> **Your task**:
Take the material below and extract the lines from the one with "Lotrimin AF For" through the one with "Sailor Fountain Pen", word for word, without pictures.

> **Input**:
··········

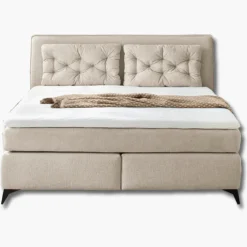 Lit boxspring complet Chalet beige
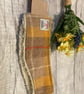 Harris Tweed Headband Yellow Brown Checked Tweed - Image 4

··········

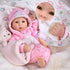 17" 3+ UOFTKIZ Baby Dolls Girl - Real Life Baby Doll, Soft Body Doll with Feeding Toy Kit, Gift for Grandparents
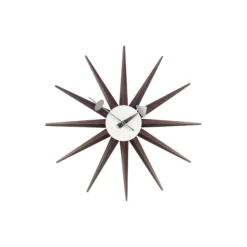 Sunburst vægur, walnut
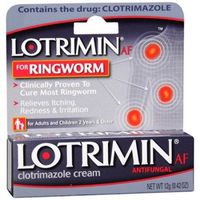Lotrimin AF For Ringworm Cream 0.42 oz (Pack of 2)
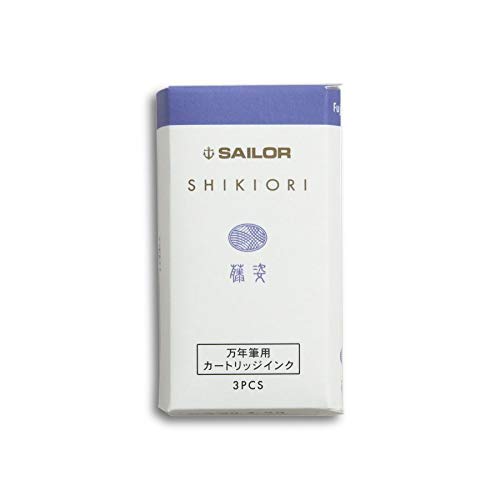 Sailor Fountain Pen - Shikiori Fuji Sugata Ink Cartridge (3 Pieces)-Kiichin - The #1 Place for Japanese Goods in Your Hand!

··········

> **Your solution**:
Lotrimin AF For Ringworm Cream 0.42 oz (Pack of 2)
 Sailor Fountain Pen - Shikiori Fuji Sugata Ink Cartridge (3 Pieces)-Kiichin - The #1 Place for Japanese Goods in Your Hand!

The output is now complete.